How we steward money matters. We are already stewarding money, whether we choose to pay attention or not. What does it look like to handle it well?

Learning a bit about money is a good place to start. Your options with money are simple: earn it, spend it, give it, save it, borrow it, or invest it. What makes it complicated is that every person has a different personality, lived experience, needs, and goals.

While there is nuance to it all, anyone that can fog a mirror can learn the basics of personal finance - you don’t need to be a professional!

A word about stewardship

I believe everything we have comes from God - He is the one who provides. We’re called to trust Him, and He promises to meet us in our needs. Money is not a replacement for trust in the Lord, and this is NOT a health and wealth gospel where our faith earns us monetary fortunes.

With that, trusting God doesn’t mean being careless with what He’s given us. Good stewardship means managing money in a way that leads to flourishing, being aware of the responsibilities that come with resources, humbling ourselves, and continuing to seek wisdom.
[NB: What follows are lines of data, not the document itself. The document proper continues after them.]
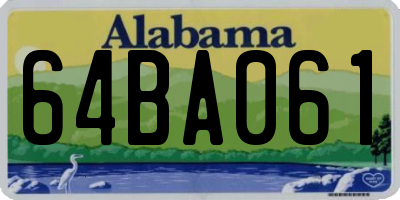 AL license plate 64BA061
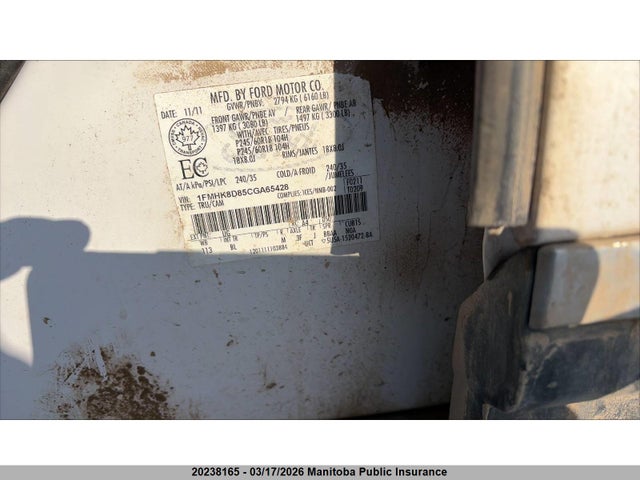Aukcja sprzedaży 2012 Ford Explorer Xlt, vin: 1FMHK8D85CGA65428, numer aukcji: 20238165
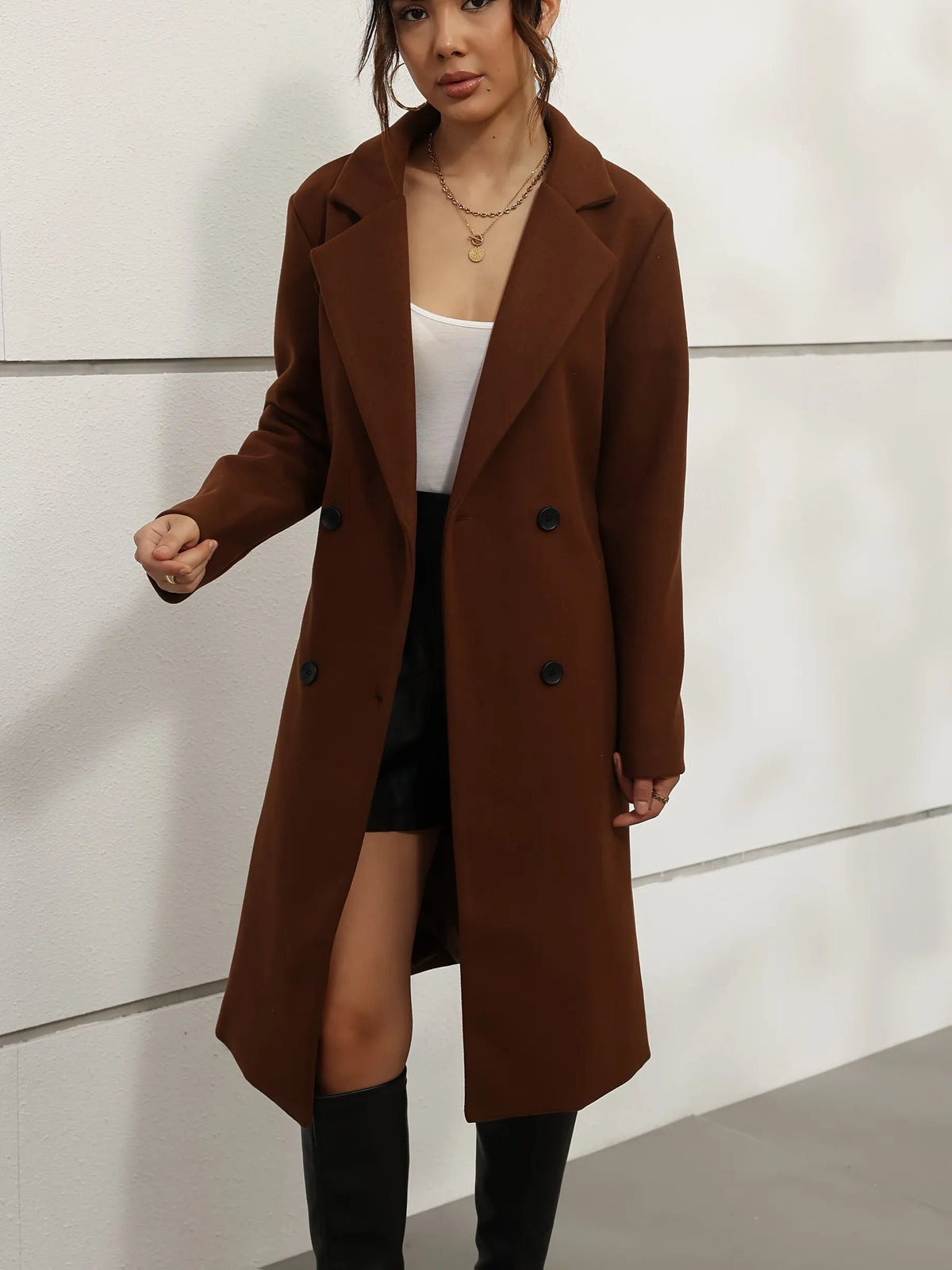 Double-Breasted Wool-Blend Coat
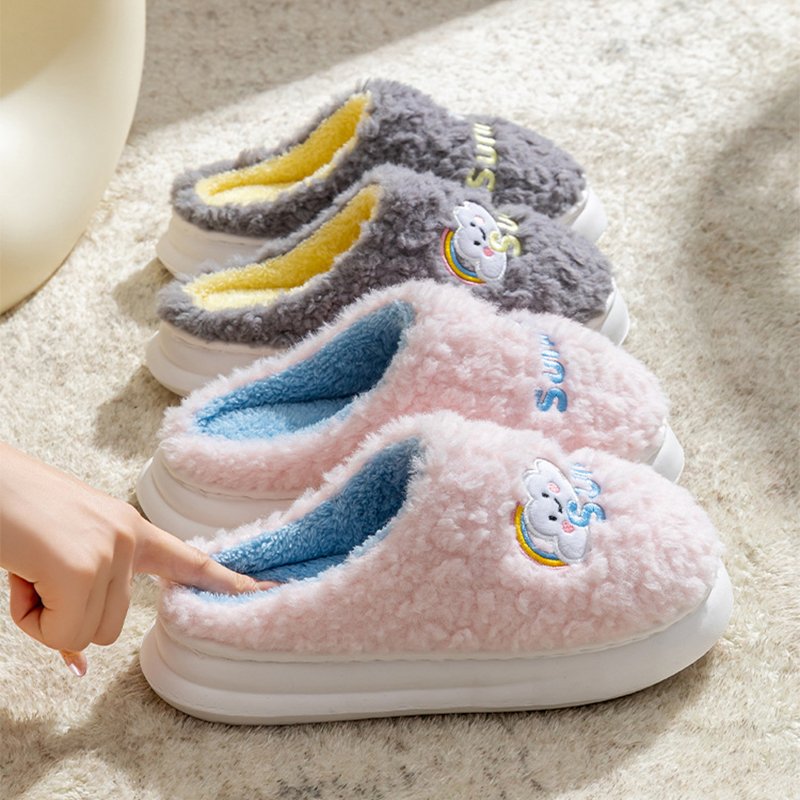 Cute Cartoon Cotton Slippers Thick Bottom Home Slippers Fashion Floor Bedroom Slipper Women Men Couples Warm H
Good stewardship is not a pretty playbook with one right answer all the time. It can mean getting out of debt, giving to a person or cause, splurging on a date with your spouse, putting some aside for later - all of these in their own time. What you do with your dollar comes from following where God leads you, which may not make sense to anyone else.

He has also given us brains to assess, plan, and learn. You can trust God to provide and also set up an emergency fund - I don’t think those are mutually exclusive.

That’s the spirit I’m approaching this with. Not greed, anxiety, trying to hoard wealth, or build some empire. Just trying to steward what we have in a way that leads to flourishing, with grace for mistakes we have made in the past and ones we will make in the future. It helps to understand the pieces of the puzzle, but only you can put them together for your specific situation.

Financial flexibility

Generally speaking, having some financial freedom is nice to have. Flexibility to spend time with your kids, change jobs, pursue work you care about, or simply sleep with a little more peace of mind. Even work you love can start to feel like a grindstone if you’re run down, barely making ends meet, or moving backwards financially.

We’re after enough breathing room that money stops making our decisions for us.

How we’re going to do this

I’m going to walk through personal finance from scratch. I’ll explain it like I would to a friend over a beer. I will try to avoid technical terms and over-explaining things, trusting the wonderful work of other people to dive deeper.

You can jump ahead, but I recommend building the foundation and structure of your financial house before skipping to flashier topics.

Lastly, it is hard to flesh out tactical advice without sounding like a know-it-all. If it comes off that way, forgive me, it is not intentional. Much of this I have learned by charging ahead, falling on my face, then stubbornly admitting I got ahead of myself and should have slowed down. I hope to save you the same trouble.